WORK TASK
Write out exactly the lines from the one containing "GAEX - Cama" through the last line of the records below, and no others.

INPUT MATERIAL
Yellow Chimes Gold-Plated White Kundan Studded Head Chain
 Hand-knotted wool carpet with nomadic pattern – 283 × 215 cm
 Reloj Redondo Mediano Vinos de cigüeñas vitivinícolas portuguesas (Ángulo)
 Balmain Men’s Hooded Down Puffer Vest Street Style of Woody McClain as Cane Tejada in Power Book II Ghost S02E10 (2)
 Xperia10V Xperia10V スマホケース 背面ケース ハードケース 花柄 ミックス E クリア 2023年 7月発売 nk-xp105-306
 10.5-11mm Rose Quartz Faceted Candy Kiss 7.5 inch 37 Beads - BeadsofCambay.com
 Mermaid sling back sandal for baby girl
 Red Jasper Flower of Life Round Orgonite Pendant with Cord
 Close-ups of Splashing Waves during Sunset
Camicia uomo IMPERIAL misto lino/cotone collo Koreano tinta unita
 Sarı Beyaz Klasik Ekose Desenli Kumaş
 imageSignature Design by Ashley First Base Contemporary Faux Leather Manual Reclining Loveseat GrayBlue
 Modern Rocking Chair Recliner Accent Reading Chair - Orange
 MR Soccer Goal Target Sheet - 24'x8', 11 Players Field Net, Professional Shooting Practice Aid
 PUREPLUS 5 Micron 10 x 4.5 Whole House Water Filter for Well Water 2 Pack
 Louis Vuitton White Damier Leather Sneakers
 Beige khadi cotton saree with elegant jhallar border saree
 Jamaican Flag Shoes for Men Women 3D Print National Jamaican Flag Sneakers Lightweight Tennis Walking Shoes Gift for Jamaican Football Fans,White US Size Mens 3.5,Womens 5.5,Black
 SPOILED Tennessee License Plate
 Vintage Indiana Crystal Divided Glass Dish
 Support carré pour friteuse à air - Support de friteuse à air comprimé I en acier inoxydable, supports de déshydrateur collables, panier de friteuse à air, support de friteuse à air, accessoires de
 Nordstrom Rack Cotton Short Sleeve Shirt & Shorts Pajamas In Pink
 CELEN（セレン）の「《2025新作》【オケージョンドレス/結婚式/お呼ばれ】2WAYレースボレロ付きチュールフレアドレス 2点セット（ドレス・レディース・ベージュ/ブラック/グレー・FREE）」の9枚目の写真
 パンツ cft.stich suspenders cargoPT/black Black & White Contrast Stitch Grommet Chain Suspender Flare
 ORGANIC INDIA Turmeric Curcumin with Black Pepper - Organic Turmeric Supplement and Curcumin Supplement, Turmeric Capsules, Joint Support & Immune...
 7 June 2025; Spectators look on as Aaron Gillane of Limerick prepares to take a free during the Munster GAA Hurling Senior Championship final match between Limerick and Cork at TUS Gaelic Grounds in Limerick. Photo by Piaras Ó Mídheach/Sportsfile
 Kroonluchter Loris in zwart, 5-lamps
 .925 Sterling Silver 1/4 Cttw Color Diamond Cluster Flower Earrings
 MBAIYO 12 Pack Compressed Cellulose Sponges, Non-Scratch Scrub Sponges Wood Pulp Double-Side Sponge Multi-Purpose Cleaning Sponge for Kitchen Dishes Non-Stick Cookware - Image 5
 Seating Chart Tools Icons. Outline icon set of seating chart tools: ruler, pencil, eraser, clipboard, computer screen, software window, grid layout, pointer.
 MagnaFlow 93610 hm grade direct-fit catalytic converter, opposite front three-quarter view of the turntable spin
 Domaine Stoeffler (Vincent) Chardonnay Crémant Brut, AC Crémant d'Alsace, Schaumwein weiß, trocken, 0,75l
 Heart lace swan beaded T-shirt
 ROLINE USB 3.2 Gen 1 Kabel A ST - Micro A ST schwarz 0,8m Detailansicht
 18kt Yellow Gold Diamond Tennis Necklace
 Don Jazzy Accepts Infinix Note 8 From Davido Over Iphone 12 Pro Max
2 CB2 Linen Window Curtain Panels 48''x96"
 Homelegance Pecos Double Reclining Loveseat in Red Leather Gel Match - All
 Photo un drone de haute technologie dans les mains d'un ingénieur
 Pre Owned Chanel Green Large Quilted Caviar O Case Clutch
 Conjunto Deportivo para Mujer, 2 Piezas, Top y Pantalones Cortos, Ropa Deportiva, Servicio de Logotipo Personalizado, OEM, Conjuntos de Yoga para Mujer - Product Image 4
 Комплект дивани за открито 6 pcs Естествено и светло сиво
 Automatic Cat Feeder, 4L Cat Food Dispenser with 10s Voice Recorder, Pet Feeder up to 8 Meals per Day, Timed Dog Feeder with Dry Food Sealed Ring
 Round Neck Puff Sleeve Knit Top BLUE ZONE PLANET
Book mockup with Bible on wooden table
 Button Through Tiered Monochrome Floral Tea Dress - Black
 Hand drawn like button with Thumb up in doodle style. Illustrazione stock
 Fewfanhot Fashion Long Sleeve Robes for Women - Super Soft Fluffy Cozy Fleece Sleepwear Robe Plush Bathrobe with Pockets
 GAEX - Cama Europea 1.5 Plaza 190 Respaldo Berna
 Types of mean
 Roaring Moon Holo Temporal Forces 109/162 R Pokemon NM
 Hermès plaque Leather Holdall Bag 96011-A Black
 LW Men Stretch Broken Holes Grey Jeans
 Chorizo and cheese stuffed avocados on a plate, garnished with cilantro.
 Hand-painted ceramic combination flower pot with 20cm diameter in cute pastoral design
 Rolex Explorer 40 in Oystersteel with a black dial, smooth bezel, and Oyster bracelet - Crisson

YOUR RESPONSE
 GAEX - Cama Europea 1.5 Plaza 190 Respaldo Berna
 Types of mean
 Roaring Moon Holo Temporal Forces 109/162 R Pokemon NM
 Hermès plaque Leather Holdall Bag 96011-A Black
 LW Men Stretch Broken Holes Grey Jeans
 Chorizo and cheese stuffed avocados on a plate, garnished with cilantro.
 Hand-painted ceramic combination flower pot with 20cm diameter in cute pastoral design
 Rolex Explorer 40 in Oystersteel with a black dial, smooth bezel, and Oyster bracelet - Crisson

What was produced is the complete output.